I spent a total 7-8 full days in reading, preparing detailed responses and revising twice, which I fully enjoyed. With one person I had an online discussion as well. Numbers are not enough to reveal the real fun of open peer review. The mindsets during the interactions were unique. In conventional peer reviews, while the authors are revising or replying to comments, scientifically sound arguments are not enough. They have to worry about satisfying the reviewer along with his preconceived notions, prejudices and egos. There is no choice but to please the reviewers. I have experienced this from both the ends and have written about it earlier (https://milindwatve.in/2020/09/17/how-peer-reviews-are-degrading-the-spirit-of-science/). This time I found myself only committed to logical soundness of arguments without worrying about the interpersonal complexities. Wherever we differed I had no hesitation saying that we differ on this issue. I had the same feel about the interacting reviewers too. This is great. This is a real platform for science.
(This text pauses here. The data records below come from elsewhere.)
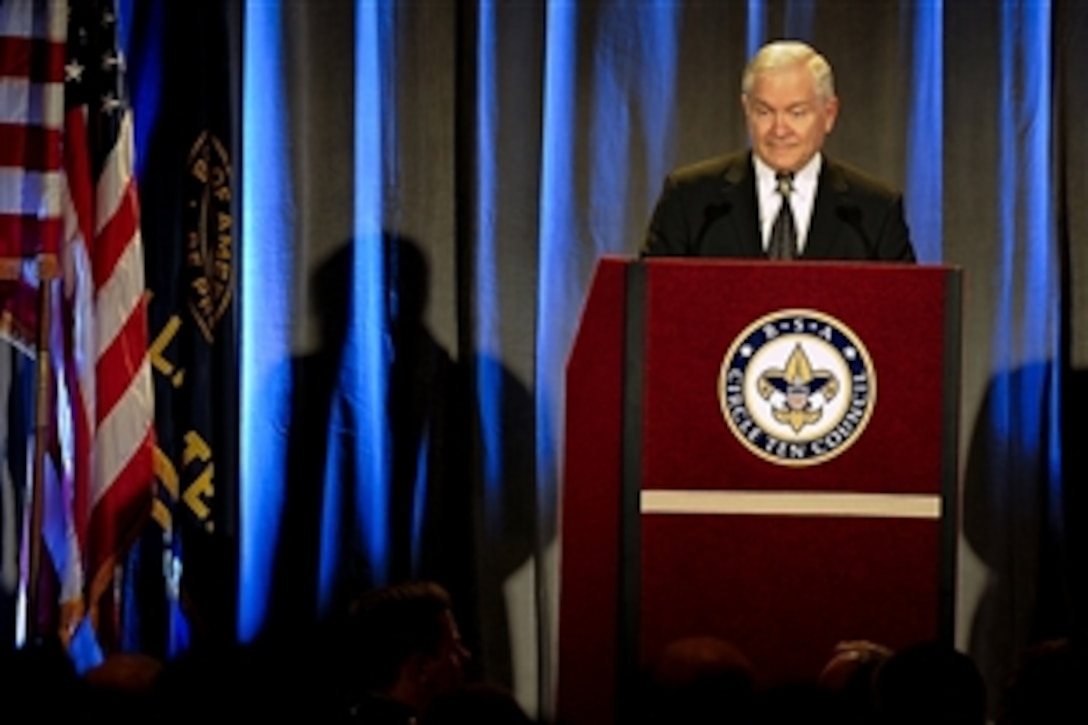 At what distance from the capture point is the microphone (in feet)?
15.2

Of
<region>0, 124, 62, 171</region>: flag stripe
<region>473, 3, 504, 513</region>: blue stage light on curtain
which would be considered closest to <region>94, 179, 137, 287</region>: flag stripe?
<region>0, 124, 62, 171</region>: flag stripe

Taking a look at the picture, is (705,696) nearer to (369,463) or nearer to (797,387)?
(797,387)

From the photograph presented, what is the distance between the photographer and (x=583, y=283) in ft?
22.0

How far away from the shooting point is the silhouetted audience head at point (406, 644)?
387 cm

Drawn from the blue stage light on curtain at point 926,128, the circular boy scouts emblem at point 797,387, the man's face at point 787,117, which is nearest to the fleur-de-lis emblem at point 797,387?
the circular boy scouts emblem at point 797,387

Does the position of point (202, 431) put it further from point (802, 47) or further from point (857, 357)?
point (857, 357)

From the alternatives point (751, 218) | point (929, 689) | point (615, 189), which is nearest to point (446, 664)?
point (751, 218)

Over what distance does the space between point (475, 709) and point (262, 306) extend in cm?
405

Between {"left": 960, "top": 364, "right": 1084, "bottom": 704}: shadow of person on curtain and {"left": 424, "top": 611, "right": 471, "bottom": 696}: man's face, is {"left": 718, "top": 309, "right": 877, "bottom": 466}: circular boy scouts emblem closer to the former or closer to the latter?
{"left": 424, "top": 611, "right": 471, "bottom": 696}: man's face

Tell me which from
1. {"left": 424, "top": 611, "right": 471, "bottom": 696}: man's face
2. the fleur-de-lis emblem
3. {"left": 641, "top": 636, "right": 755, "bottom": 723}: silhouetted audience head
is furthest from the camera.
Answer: {"left": 424, "top": 611, "right": 471, "bottom": 696}: man's face

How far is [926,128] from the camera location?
6.72 meters

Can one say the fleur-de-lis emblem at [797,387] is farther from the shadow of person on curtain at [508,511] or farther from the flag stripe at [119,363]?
the shadow of person on curtain at [508,511]

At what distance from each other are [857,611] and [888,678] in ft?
3.11

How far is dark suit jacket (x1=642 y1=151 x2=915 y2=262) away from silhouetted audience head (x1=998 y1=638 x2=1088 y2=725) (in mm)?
1706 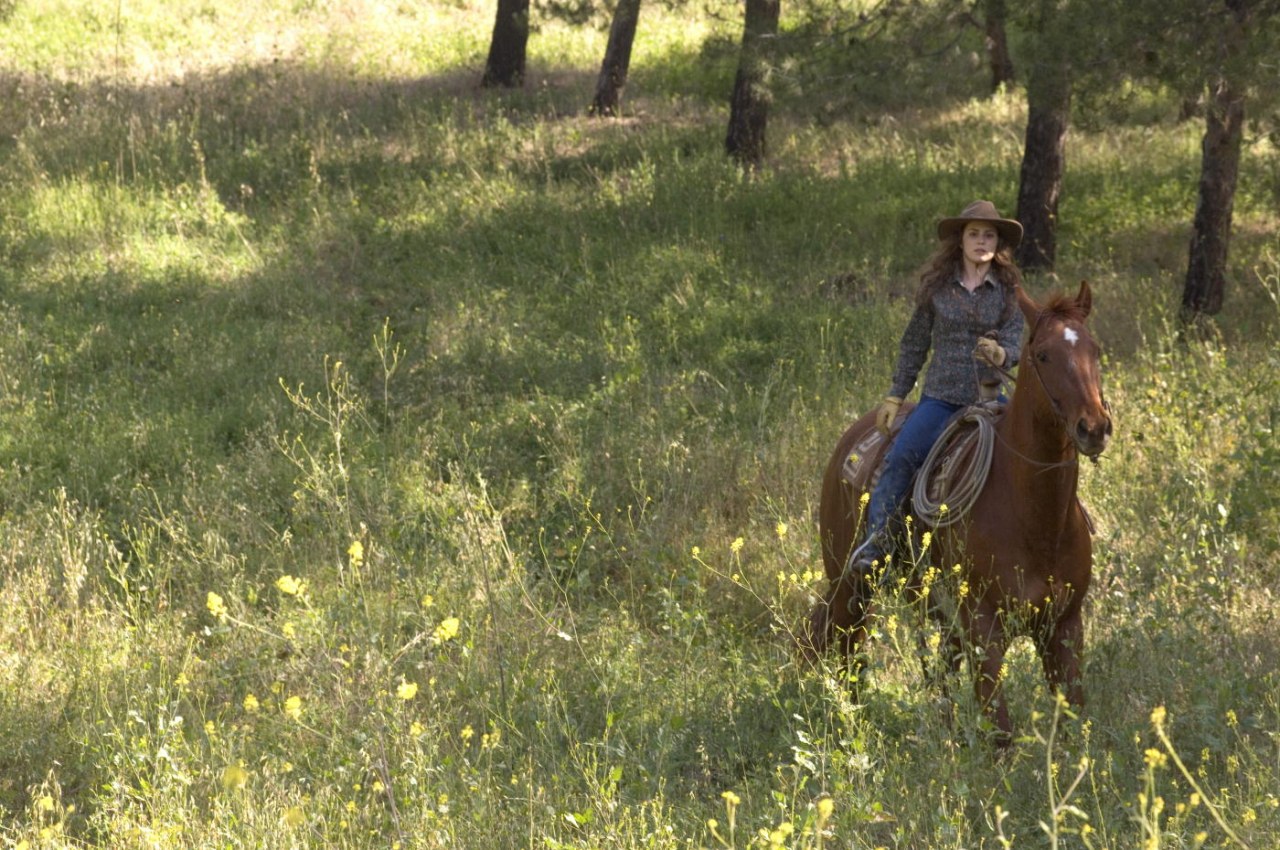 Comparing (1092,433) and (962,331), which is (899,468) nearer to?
(962,331)

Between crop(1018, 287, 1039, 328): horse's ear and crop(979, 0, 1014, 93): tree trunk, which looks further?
crop(979, 0, 1014, 93): tree trunk

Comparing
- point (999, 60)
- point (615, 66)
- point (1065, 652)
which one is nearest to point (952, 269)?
point (1065, 652)

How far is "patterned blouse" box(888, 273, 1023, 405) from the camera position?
6445 mm

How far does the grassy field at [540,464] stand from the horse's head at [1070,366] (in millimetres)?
1024

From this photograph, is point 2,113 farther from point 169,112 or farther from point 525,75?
point 525,75

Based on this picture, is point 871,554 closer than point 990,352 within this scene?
No

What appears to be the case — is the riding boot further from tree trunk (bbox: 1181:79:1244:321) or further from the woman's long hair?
tree trunk (bbox: 1181:79:1244:321)

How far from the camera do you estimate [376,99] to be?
2017cm

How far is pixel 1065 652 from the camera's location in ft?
19.3

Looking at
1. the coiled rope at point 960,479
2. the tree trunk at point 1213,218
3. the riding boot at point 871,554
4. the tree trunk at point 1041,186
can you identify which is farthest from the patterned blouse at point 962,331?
the tree trunk at point 1041,186

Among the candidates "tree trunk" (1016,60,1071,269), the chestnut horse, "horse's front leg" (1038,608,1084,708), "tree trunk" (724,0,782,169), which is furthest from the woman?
"tree trunk" (724,0,782,169)

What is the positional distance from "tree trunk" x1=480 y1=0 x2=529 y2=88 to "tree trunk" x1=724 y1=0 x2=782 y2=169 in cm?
515

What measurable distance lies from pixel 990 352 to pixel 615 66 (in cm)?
1411

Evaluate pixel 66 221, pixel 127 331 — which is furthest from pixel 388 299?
pixel 66 221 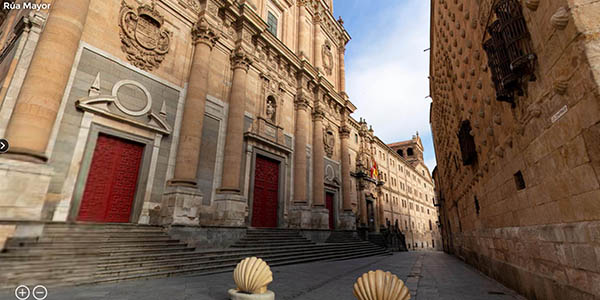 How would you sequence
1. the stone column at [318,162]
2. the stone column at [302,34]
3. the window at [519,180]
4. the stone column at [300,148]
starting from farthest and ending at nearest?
1. the stone column at [302,34]
2. the stone column at [318,162]
3. the stone column at [300,148]
4. the window at [519,180]

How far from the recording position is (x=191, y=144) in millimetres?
10180

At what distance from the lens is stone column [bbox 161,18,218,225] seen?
915 centimetres

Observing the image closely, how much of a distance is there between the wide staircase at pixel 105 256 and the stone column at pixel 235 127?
2.88 m

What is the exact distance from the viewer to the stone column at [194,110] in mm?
9836

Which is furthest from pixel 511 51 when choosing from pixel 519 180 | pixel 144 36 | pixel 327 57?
pixel 327 57

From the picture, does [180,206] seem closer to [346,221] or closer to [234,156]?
[234,156]

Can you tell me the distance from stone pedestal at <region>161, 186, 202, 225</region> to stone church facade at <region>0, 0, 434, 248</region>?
4 centimetres

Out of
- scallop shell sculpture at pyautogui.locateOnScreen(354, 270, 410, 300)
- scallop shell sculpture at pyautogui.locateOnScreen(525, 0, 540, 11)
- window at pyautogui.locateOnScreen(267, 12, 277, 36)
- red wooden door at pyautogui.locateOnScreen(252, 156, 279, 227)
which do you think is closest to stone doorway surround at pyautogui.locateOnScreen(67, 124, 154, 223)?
red wooden door at pyautogui.locateOnScreen(252, 156, 279, 227)

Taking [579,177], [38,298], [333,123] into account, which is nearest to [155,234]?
[38,298]

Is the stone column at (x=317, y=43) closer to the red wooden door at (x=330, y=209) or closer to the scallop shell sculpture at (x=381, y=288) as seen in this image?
the red wooden door at (x=330, y=209)

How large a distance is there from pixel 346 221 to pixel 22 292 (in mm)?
18456

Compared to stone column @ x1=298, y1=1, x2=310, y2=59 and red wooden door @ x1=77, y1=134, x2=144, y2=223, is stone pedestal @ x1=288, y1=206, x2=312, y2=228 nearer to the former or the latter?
red wooden door @ x1=77, y1=134, x2=144, y2=223

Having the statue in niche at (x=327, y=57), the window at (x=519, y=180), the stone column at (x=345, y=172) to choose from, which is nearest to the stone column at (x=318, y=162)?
the stone column at (x=345, y=172)

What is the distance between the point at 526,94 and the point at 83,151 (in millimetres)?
11057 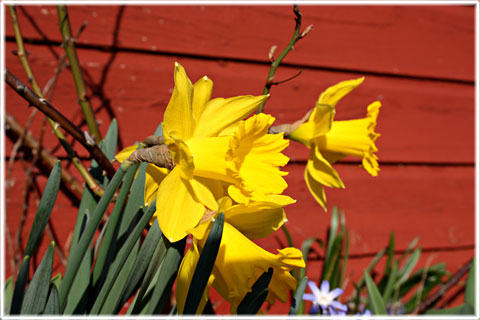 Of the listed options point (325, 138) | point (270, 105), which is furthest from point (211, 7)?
point (325, 138)

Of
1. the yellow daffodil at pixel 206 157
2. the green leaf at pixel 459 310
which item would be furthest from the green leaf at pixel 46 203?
the green leaf at pixel 459 310

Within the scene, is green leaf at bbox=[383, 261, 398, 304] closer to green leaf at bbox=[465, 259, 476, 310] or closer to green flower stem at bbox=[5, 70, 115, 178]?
green leaf at bbox=[465, 259, 476, 310]

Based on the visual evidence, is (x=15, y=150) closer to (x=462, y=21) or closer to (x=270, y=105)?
(x=270, y=105)

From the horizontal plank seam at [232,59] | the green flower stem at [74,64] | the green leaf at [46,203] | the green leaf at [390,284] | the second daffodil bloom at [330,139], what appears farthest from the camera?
the green leaf at [390,284]

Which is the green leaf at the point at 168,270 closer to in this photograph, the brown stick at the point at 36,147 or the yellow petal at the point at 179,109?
the yellow petal at the point at 179,109

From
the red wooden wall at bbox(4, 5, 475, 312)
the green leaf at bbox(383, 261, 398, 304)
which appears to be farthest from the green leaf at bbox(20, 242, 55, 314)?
the green leaf at bbox(383, 261, 398, 304)

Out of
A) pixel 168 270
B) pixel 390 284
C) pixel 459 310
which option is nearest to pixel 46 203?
pixel 168 270

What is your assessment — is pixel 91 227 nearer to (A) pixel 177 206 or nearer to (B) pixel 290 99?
(A) pixel 177 206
This anecdote strengthens my notion that open peer reviews will improve the quality of reviews substantially. There has been a debate about open peer reviews multiple times on different platforms. Many people fear that this will increase the responsibility of reviewers and therefore they will be even more reluctant to review. We already have dearth of reviewers. Does 13 reviews and 2 revisions within one month support this fear? There were worries expressed that reviews will not be critical enough. Just read the reviews to this paper to see whether that is true, they are all there for everyone to read on the same link.
The most important point is that anything that is not transparent is NOT science. I have over 200 experiences of receiving peer reviews, dozens, if not hundreds of peer reviewing for journals until I started replying to review requests that I will accept only if you make it public. This is not a small sample size. I received high appreciation as well as irresponsible and insulting remarks, highly entertaining stupidity and “oh, how come I didn’t think of this” feeling. But still I would say this is the first time in my life I thought I was doing science and only science. On all previous occasions there was a feeling of either facing an exam or standing in the court of law. The word “peer” indicates standing on level grounds. First time in my life I was really standing on level grounds and talking only of science. In this sense this is the first “peer” review of my life. All others felt like being a criminal under trial. My sincere request to all fellow researchers to experience this, from both the ends, as authors and as reviewers. Open peer review is the future of science, if science has to be science all the time. Otherwise the flaws, biases, power play, inequality, racism, discrimination, regional imbalance, exploitation, bad incentives, reproducibility crisis, research misconduct which is evidently growing in the field will end up with the entire field harboring only pseudoscience.
I know that open peer review journals will have tough time for quite a few years owing to the religious and aristocratic social structure of the scientific community. Right now the community is deep in a pit of the illusion of journal prestige and CV building. The culture of evaluating one’s research without reading it has created a trap for everyone. Anyone with career worries will not be able to do open science for the fear that any attempt to do so will ruin my career. I must only try to publish in high impact journals. This cowardice will prevent science from being science for a long time, but I am an optimist. Science will certainly become true science some day.